_Given material_:
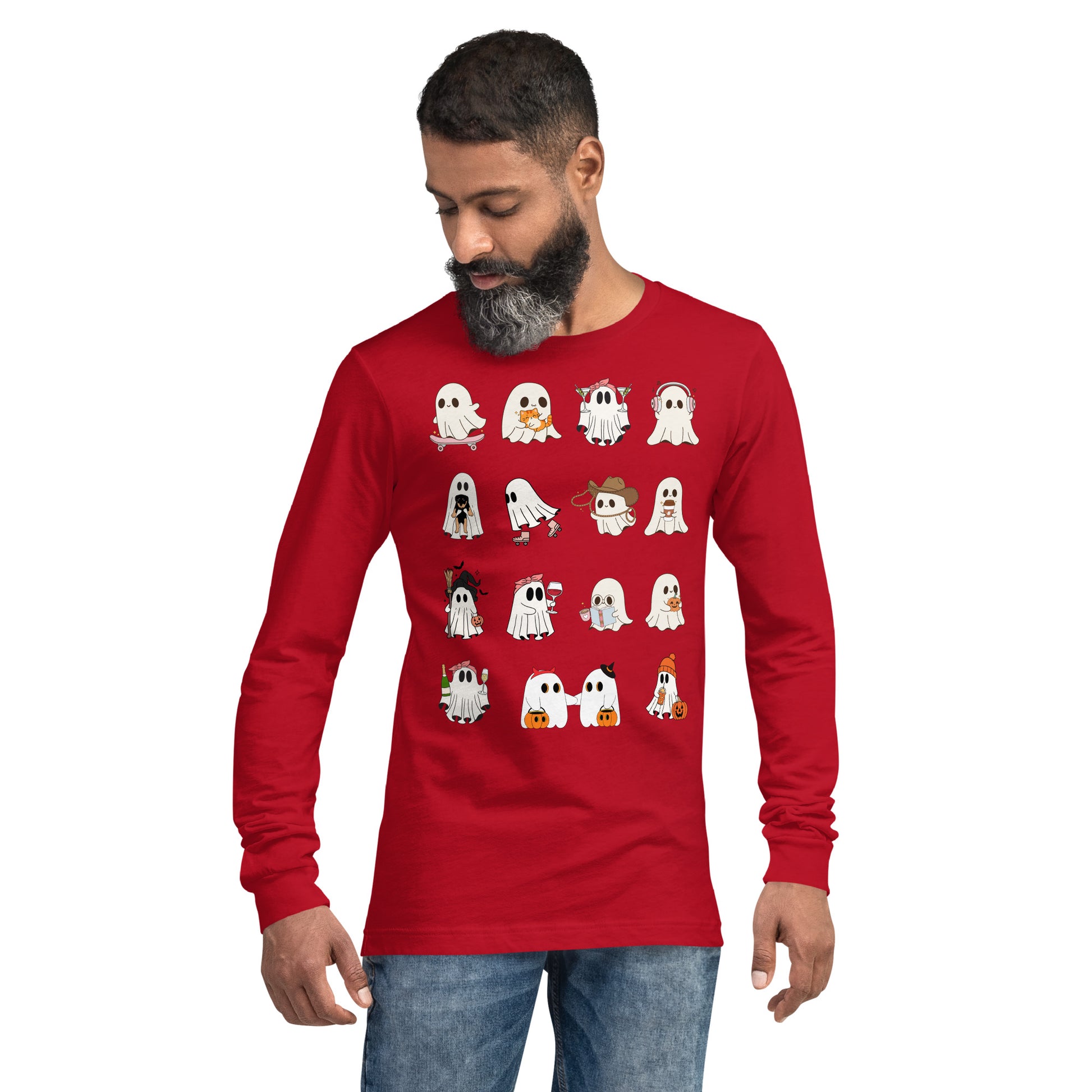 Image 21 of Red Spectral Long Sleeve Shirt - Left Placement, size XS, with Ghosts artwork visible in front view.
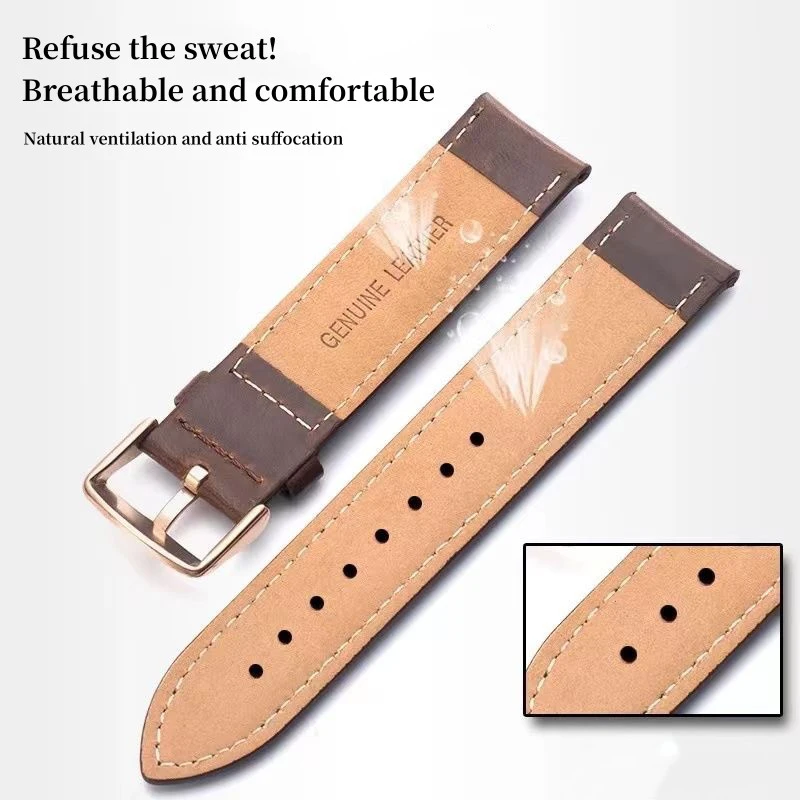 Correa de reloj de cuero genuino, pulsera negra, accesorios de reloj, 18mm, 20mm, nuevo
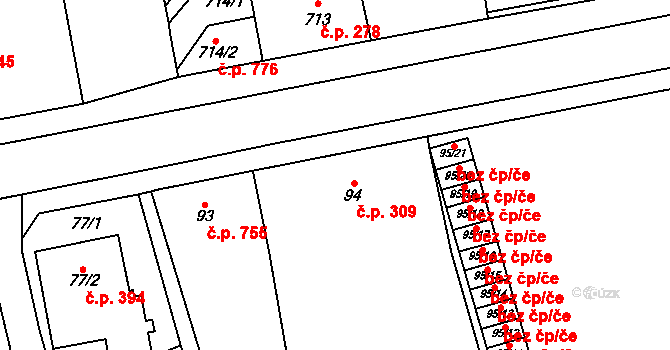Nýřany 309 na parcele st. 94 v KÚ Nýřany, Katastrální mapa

_Problem details_:
Everything in the listing, except its images, should be set down exactly.

_Response to the task_:
 Image 21 of Red Spectral Long Sleeve Shirt - Left Placement, size XS, with Ghosts artwork visible in front view.
 Correa de reloj de cuero genuino, pulsera negra, accesorios de reloj, 18mm, 20mm, nuevo
Nýřany 309 na parcele st. 94 v KÚ Nýřany, Katastrální mapa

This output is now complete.